What is needed: Pictures aside, the data must be reproduced exactly.

Information provided:
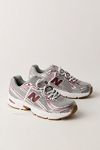 New Balance 740 Sneakers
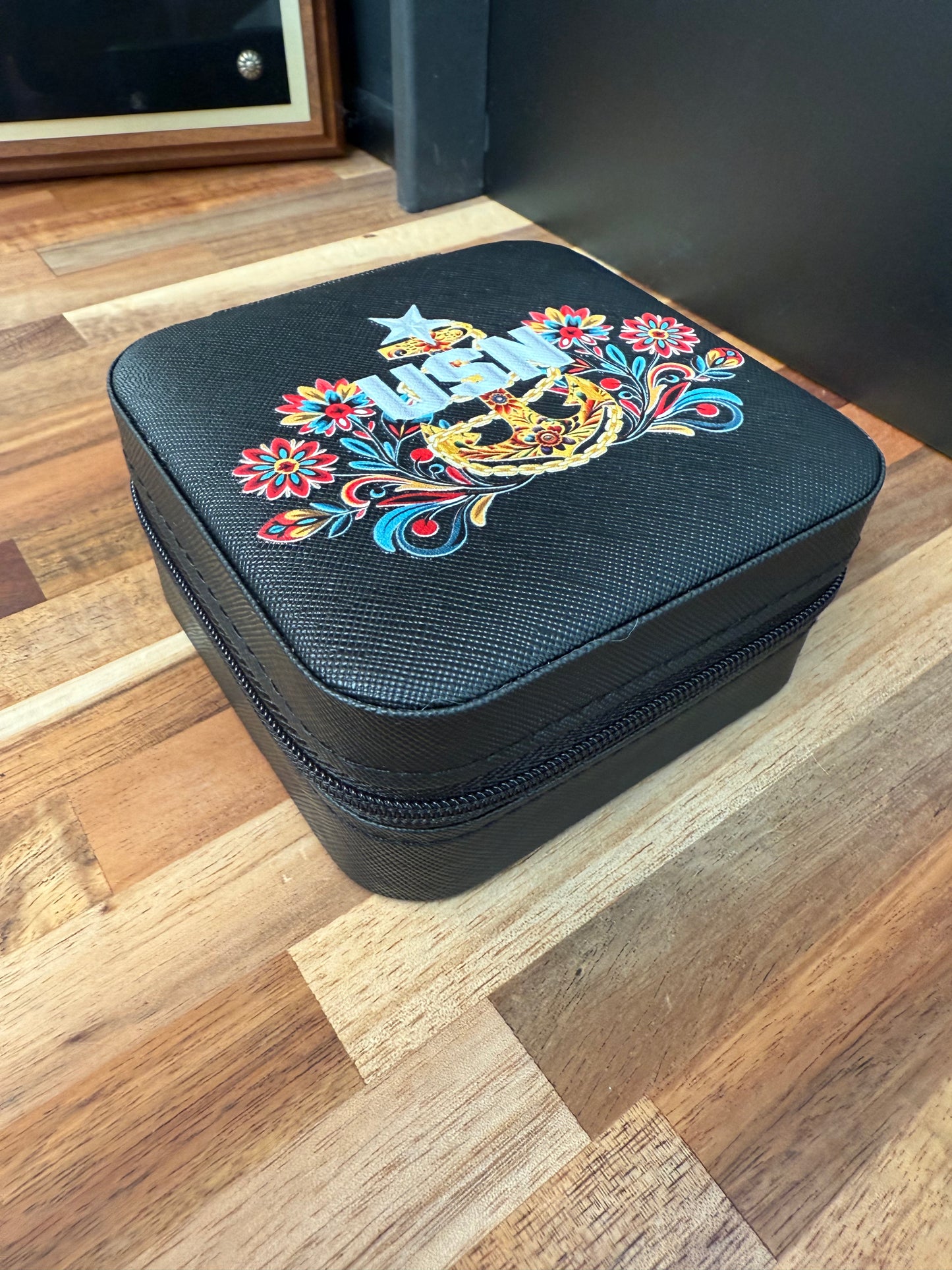 Jefa de Flores Travel Jewelry Box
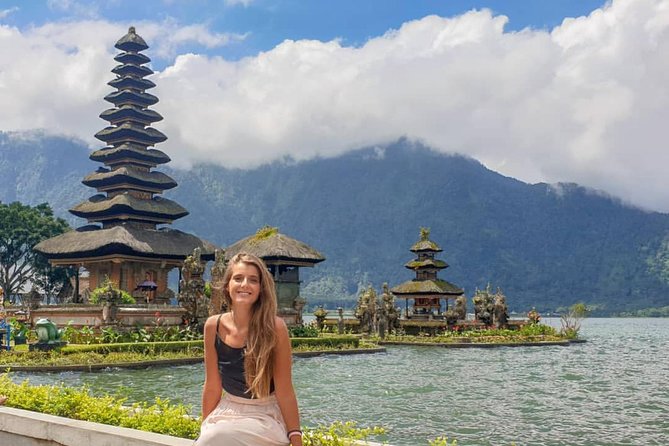 Ulundanu Temple, Handara Gate, Jatiluwih, and Tanah Lot Tour - Traveler Experiences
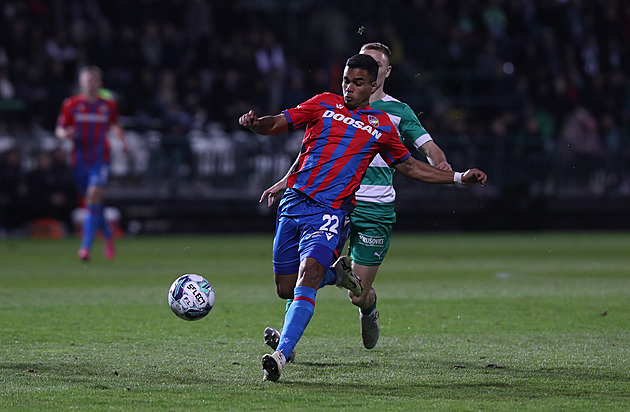 Bohemians - Plzeň 0:2, hostům vyšel úvod. Zápas plný soubojů rozhodl Chorý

Written solution:
 New Balance 740 Sneakers
 Jefa de Flores Travel Jewelry Box
 Ulundanu Temple, Handara Gate, Jatiluwih, and Tanah Lot Tour - Traveler Experiences
 Bohemians - Plzeň 0:2, hostům vyšel úvod. Zápas plný soubojů rozhodl Chorý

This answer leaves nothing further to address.